## PROBLEM STATEMENT
Output every line of the material exactly, omitting images.

## EXERCISE INPUT
—————
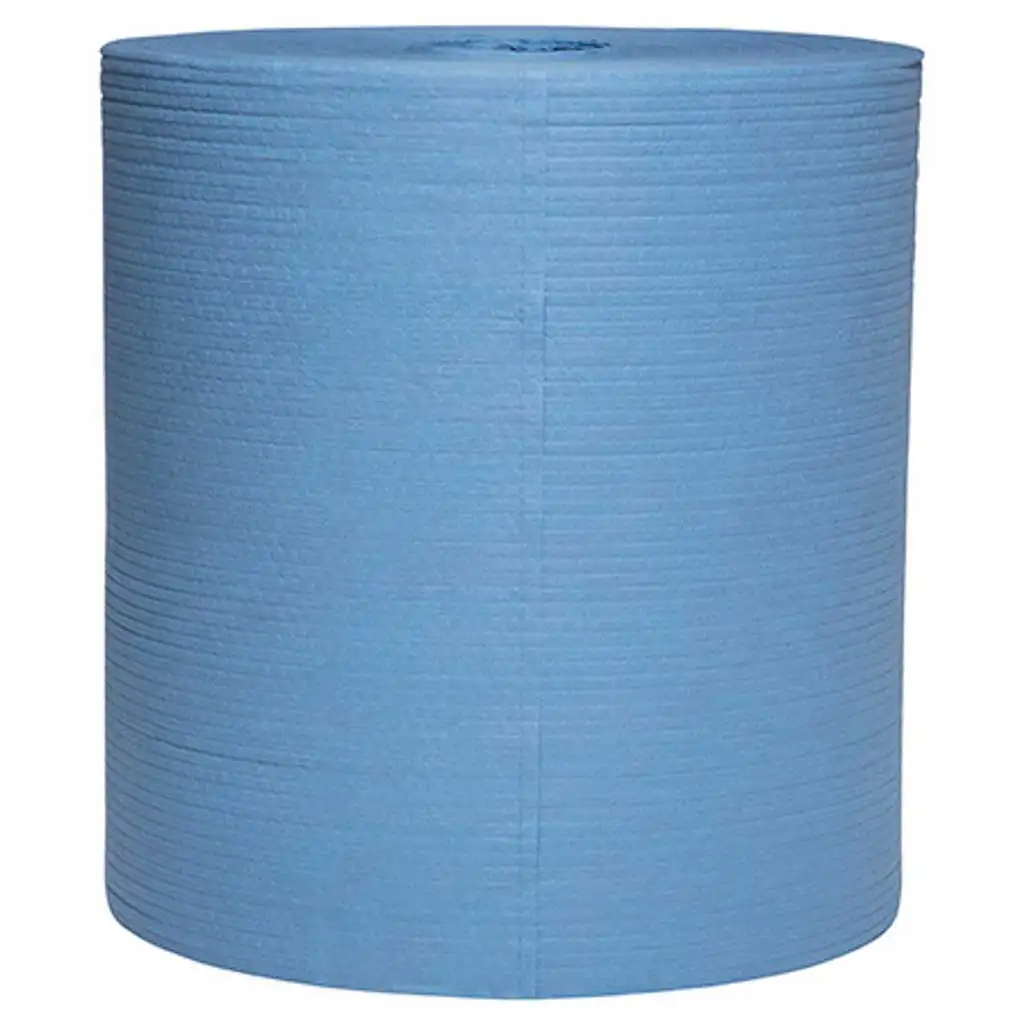 [new439] X80 Blue Jumbo Roll Wipers 1/ctn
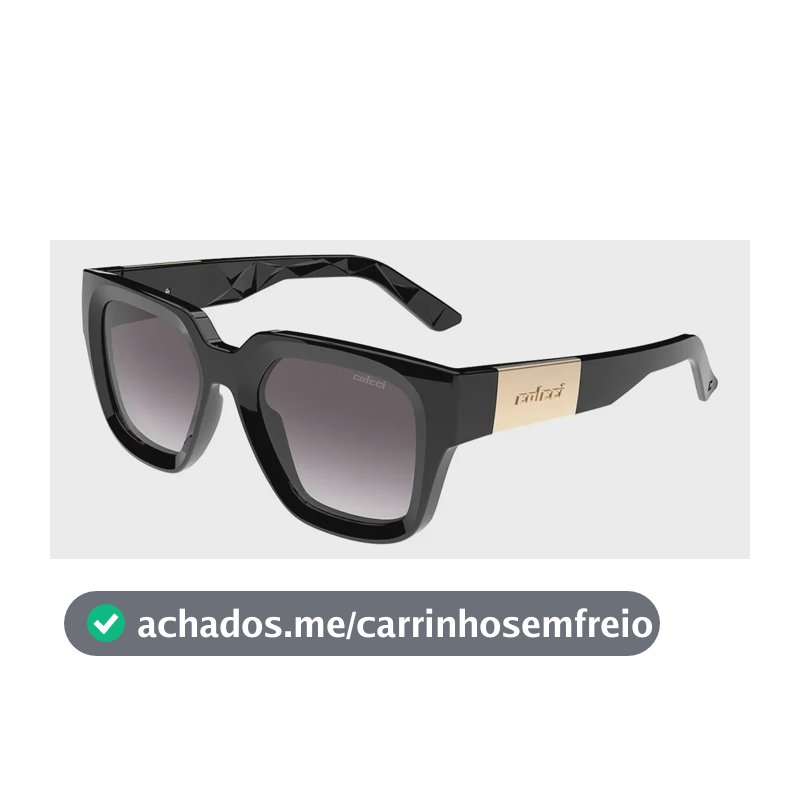 Óculos De Sol Colcci Astrid Cores Feminino Desenho Preto Brilho Dourado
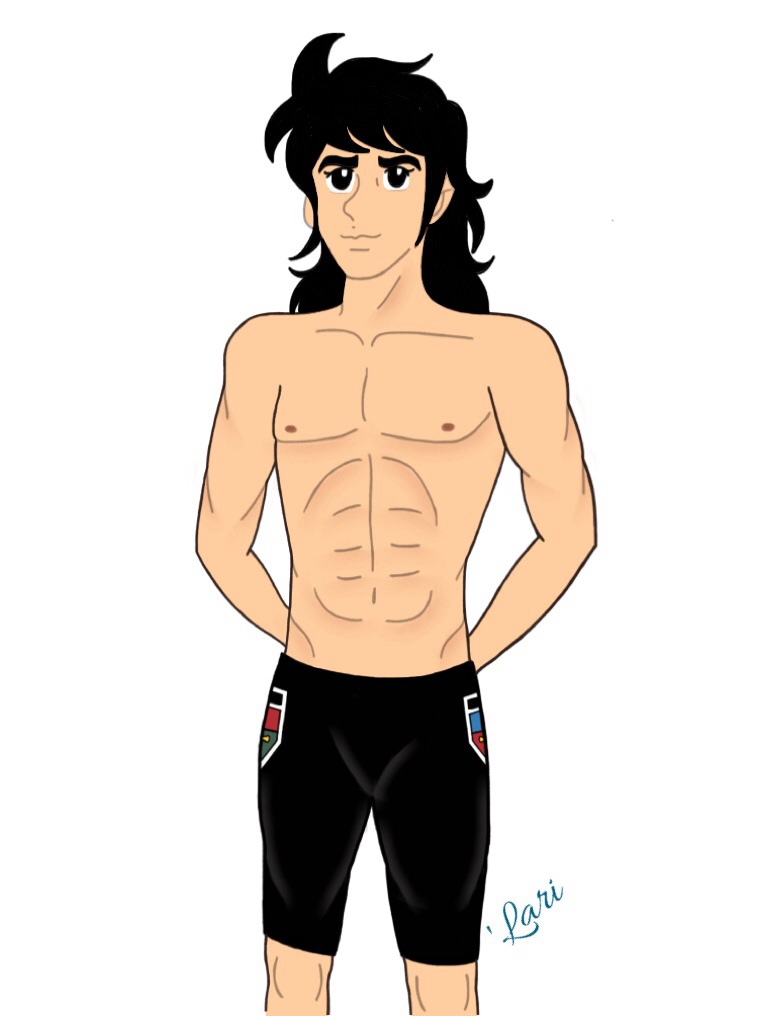 Keith in competition swimwear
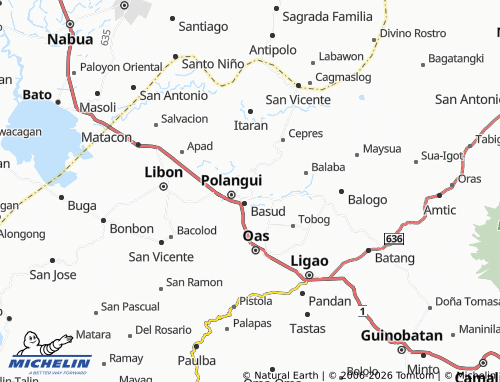 Mappa MICHELIN Gabon - ViaMichelin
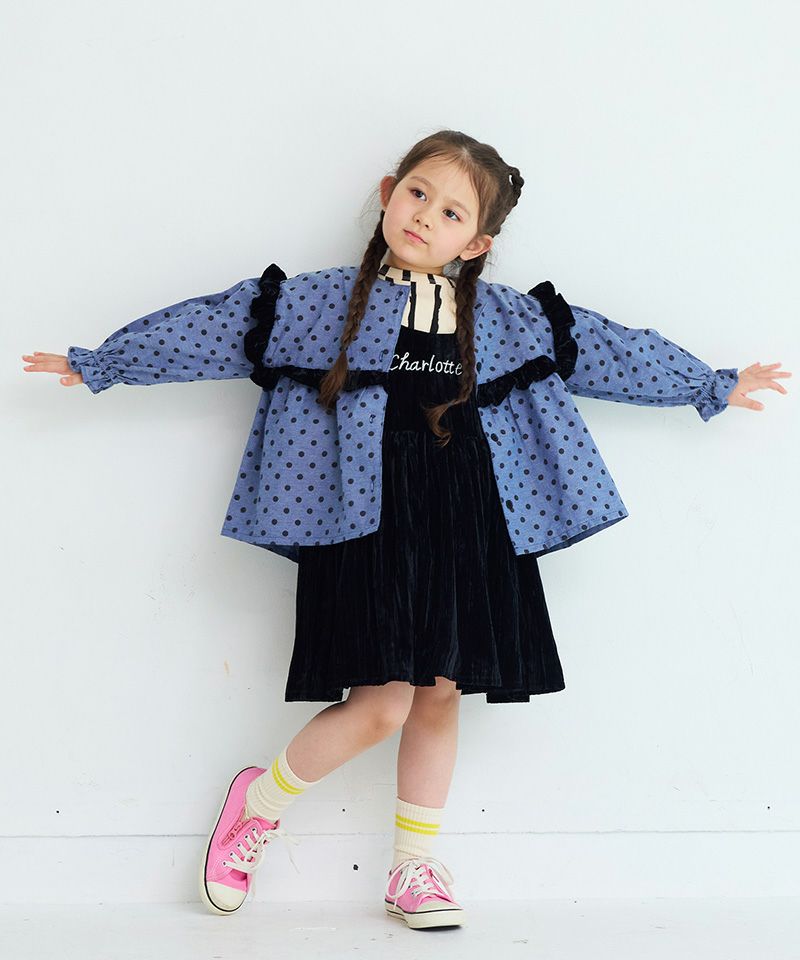 スクエアフリル2wayブラウス ｜ トップス ｜ 子供服のセレクトショップ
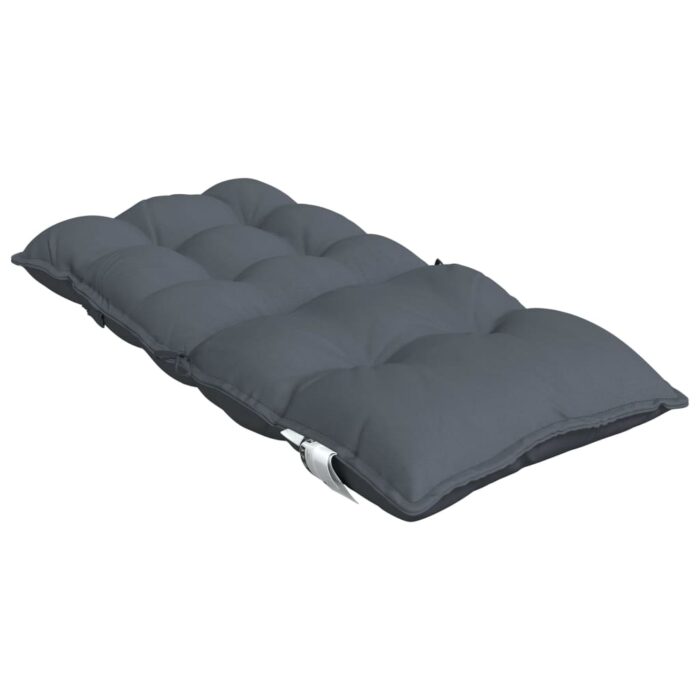 Coussins de chaise à dossier bas lot de 6 anthracite – Image 3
—————
## FINAL ANSWER
 [new439] X80 Blue Jumbo Roll Wipers 1/ctn
 Óculos De Sol Colcci Astrid Cores Feminino Desenho Preto Brilho Dourado
 Keith in competition swimwear
 Mappa MICHELIN Gabon - ViaMichelin
 スクエアフリル2wayブラウス ｜ トップス ｜ 子供服のセレクトショップ
 Coussins de chaise à dossier bas lot de 6 anthracite – Image 3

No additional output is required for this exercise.